Assigned task =>
Return, verbatim and in full, the records that follow, but not their pictures.

Extracted entries =>
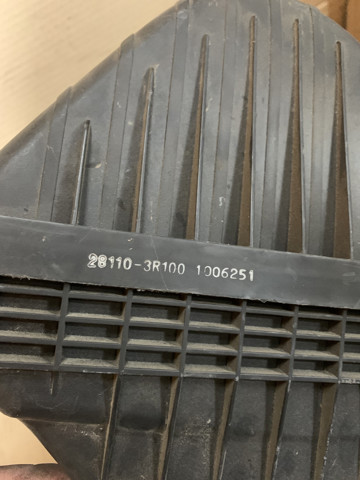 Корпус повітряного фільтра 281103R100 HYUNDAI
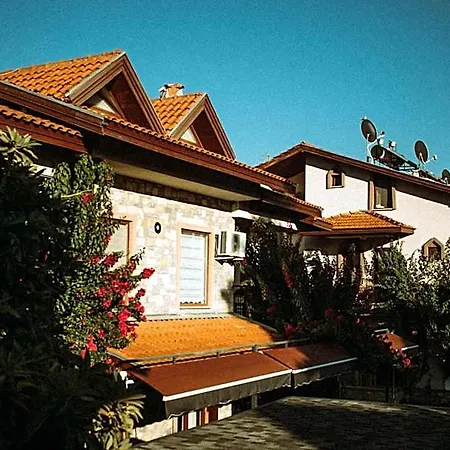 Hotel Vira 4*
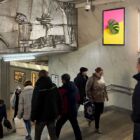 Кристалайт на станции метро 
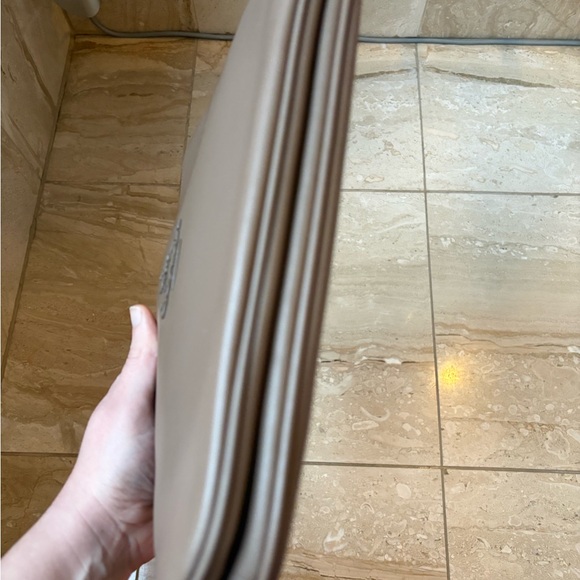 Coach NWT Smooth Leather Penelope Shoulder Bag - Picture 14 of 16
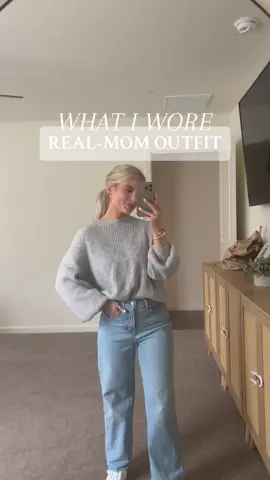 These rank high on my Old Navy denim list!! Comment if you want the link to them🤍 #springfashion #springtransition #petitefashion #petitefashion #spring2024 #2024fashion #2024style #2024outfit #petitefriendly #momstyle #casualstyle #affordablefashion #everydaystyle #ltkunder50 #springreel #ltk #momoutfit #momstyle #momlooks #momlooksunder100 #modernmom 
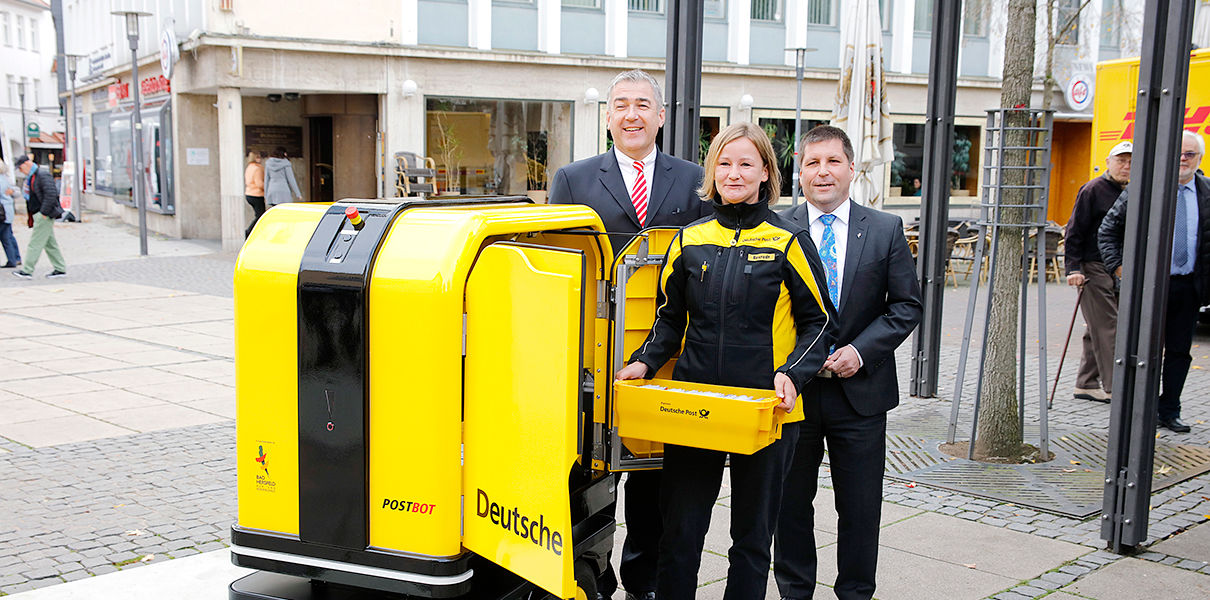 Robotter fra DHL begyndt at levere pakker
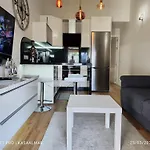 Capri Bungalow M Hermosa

Solution for this task =>
 Корпус повітряного фільтра 281103R100 HYUNDAI
 Hotel Vira 4*
 Кристалайт на станции метро 
 Coach NWT Smooth Leather Penelope Shoulder Bag - Picture 14 of 16
 These rank high on my Old Navy denim list!! Comment if you want the link to them🤍 #springfashion #springtransition #petitefashion #petitefashion #spring2024 #2024fashion #2024style #2024outfit #petitefriendly #momstyle #casualstyle #affordablefashion #everydaystyle #ltkunder50 #springreel #ltk #momoutfit #momstyle #momlooks #momlooksunder100 #modernmom 
 Robotter fra DHL begyndt at levere pakker
 Capri Bungalow M Hermosa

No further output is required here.